Washington D.C.; George Bush vetoes budget, citing financing of abortion for poor women.

President Bush on Saturday vetoed a $700 million appropriation for the District of Columbia's 1992 fiscal year, citing provisions that would allow the city to use locally generated money to fund abortions for poor women.

The move, which was expected, sends the measure back to Capitol Hill, where lawmakers are expected to remove the abortion language and send the bill back to the President. Action is expected before the beginning of the 1992 fiscal year, which for both the district and the federal government begins Oct. 1.

In what has become a perennial cat-and-mouse game, lawmakers inserted permissive abortion language into the district's appropriations bill, arguing that the city should be allowed to decide whether to use local tax money for abortions. They note that the U.S. Supreme Court, in its 1973 Roe v. Wade ruling, created a constitutionally protected privacy right for women to obtain abortions. But President Bush has continually stood firm against the provisions, vetoing several city appropriations bills in recent years.
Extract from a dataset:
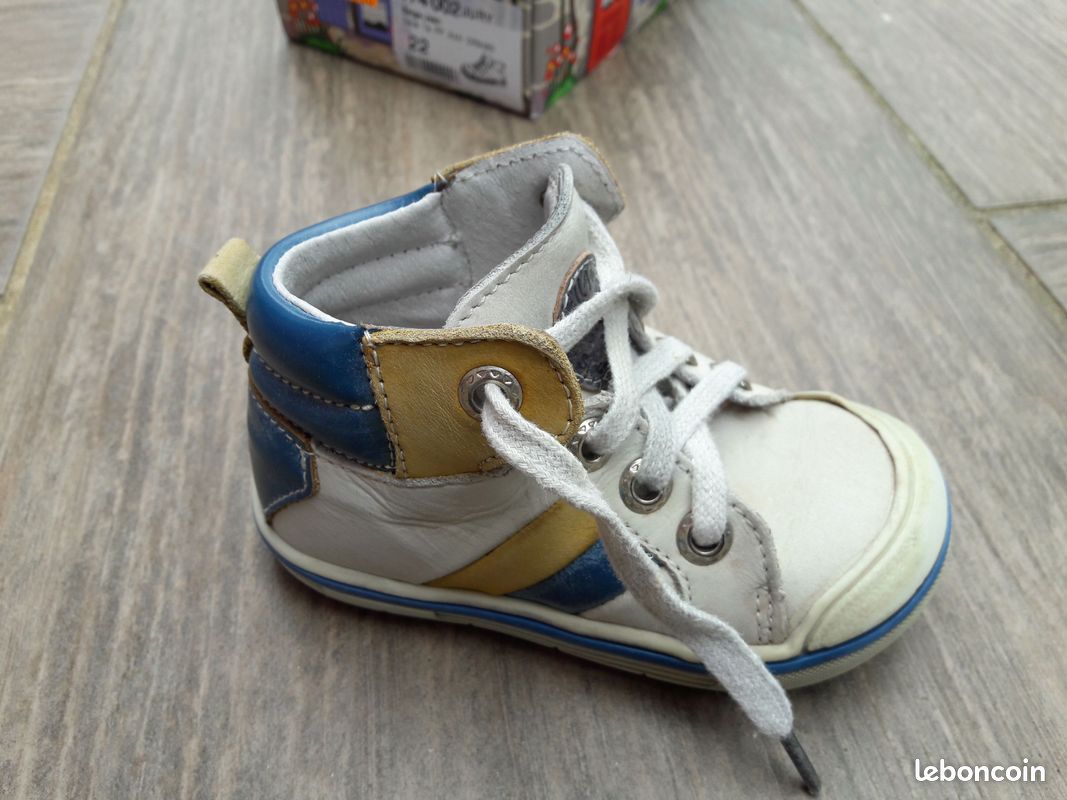 Basket enfant taille 22 (image 1)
In his veto message, President Bush reiterated his opposition to "abortion on demand," adding, "As a nation, we must protect the unborn."

But the president indicated in his veto message that he had no objection to the primary purpose of the bill, which is to provide the city with federal money during the coming fiscal year. Among other things, the legislation would provide the city with a record federal payment of $630.5 million.

The federal payment -- money the federal government provides the city annually to compensate it for the demands of hosting the nation's capital -- has stood at $430.5 million for several years, although Congress earlier this year approved an emergency appropriation of $100 million for the city.

Though President Bush vetoed the appropriations bill, he signed into law legislation that clears the way for the district to go to market with a $332 million bond isued designed to eliminate the city's accumulated deficit. The city plans to sell the 12-year, general obligation bonds in a competitive offering in mid-September.

He also signed legislation that will allow Mayor Sharon Pratt Dixon to lay off about 2,000 city workers and to gain greater control over the budgets of independent agencies. Mayor Dixon has said that, once implemented, the measures will help city officials gain greater control over the district's finances and position the city for a possible bond rating upgrade.

But the city still faces formidable problems, including a massive unfunded pension liability.

The district's bonds currently are rated Baa by Moody's Investors Service and A-minus by Standard & Poor's Corp.